3.1. To the Best Knowledge of the Company and the Seller, no application has been made to any court and no petition presented or meeting convened for the purpose of considering a resolution for the winding up of the Company or the Seller.

3.2. To the Best Knowledge of the Company and the Seller, no application for the appointment of any liquidator or receiver for any bankruptcy or insolvency proceedings of the Company or Seller has been made or received.

3.3. The Company and Seller are not party to any scheme of arrangement or composition with any class of creditors or shareholders of the Company or Seller.

3.4. To the Best Knowledge of the Company and the Seller, no action has been taken or initiated to seize, take possession of or appoint a receiver and/or manager in respect of any shares in the Company or any assets of the Company or Seller.

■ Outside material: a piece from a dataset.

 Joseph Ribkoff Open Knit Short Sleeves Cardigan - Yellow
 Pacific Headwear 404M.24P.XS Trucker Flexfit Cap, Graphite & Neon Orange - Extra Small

3.5. To the Best Knowledge of the Company and Seller, there exist no circumstances, that could give rise to any of the foregoing events specified above in paragraph 3 of this Schedule III.

4. Regulatory Approvals

4.1. The Company has or has applied to renew all necessary authorizations, licenses, permits and approvals required to carry on its business as carried out and at the level of operation carried out, including those relating to the protection of the environment, pollution control and dealings in hazardous materials, subject to the clarifications contained in the Disclosure Letter. Provided that the Company and Seller make no representation or warranty with regard to any authorizations, licenses, permits and approvals that may need to be changed or obtained as a result of the change in ownership, control or management of the Company after the Closing Date.

4.2. In respect of each of the said authorizations, licenses, permits and approvals all fees due have been duly paid, and to the Best Knowledge of the Company and Seller all conditions have been duly complied with.

4.3. The Company has not produced or disposed of any untreated biological waste in its course of business.

5. Compliance with Laws

5.1. To the Best Knowledge of the Company and the Seller, the Company has complied with all laws applicable to the business of the Company.

5.2. To the Best Knowledge of the Company and the Seller, the Company has not and none of its officers, agents or employees, has committed or omitted to do any act or thing, the commission or omission of which is in contravention of any law relating to or having a bearing upon the business or operations of the Company.

5.3. To the Best Knowledge of the Company and the Seller, the Company has not received any notice specifying that the Company is subject to any pending or threatened claim incurred or imposed or based upon any provision of law or regulation applicable to the Company, including any environmental law.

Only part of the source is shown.